The transport and courier company reported net profit of $15.8 million for its third quarter ended February 28, reversing the $3.6 million loss recorded in the previous quarter ended November 2025, when operations were hit by Hurricane Melissa.
Even so, the result was down 68.4 per cent from the $50 million earned in the corresponding quarter last year. Earnings per share fell to $0.03 from $0.10. Meanwhile, revenue for the quarter declined 8.2 per cent to $544.2 million from $592.7 million a year earlier, reflecting what the company described as lingering economic and operational effects from the storm.
“As our nation and our business continue to navigate the extended recovery phase following the unprecedented devastation of Hurricane Melissa, we are seeing gradual stabilisation,” directors said in the company’s report accompanying the financial statements.

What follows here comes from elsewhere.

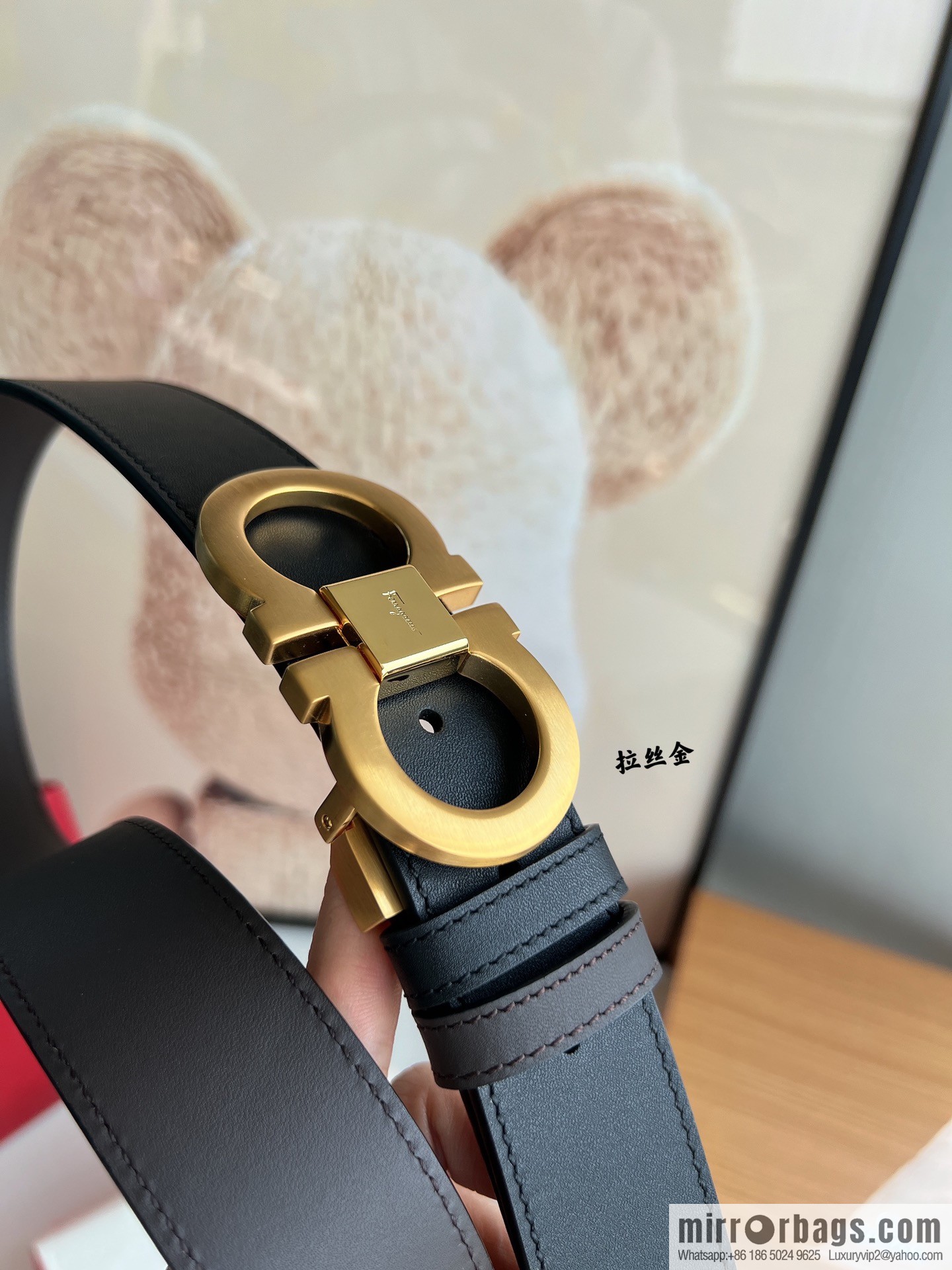 Salvatore Ferragamo Men's 3.5cm Delicate Counter Version Double Circle Horseshoe Metal Buckle First Layer Cowhide Double Sided Belt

The softer quarter meant Knutsford’s nine-month performance also remained below last year’s pace.
For the nine months ended February 28, revenue slipped to $1.56 billion from $1.64 billion, while net profit fell to $78.6 million from $169.7 million. Earnings per share declined to $0.16 from $0.34.
Even with earnings compressed, management used the update to signal confidence in the longer-term outlook.
The company said new coaches were integrated into the fleet during the period to improve efficiency and reduce downtime, while its major infrastructure project in Mandeville is moving steadily toward completion. Management added that similar opportunities are being evaluated at other strategic locations across the island.
Knutsford also pointed to changing customer behaviour, saying more passengers are booking trips online, which it said validates ongoing investment in digital platforms and a more seamless customer experience.
The company’s continued investment was also evident on the balance sheet. Total assets climbed 13.3 per cent to $2.42 billion from $2.13 billion a year earlier, driven by increases in property, plant and equipment and investment properties. Shareholders’ equity rose to $1.52 billion from $1.40 billion.
Cash and bank balances closed the period at $97.1 million, up from $69.8 million a year earlier, while loan notes payable increased to $473.4 million, including current and non-current balances, as the company continued to fund growth initiatives.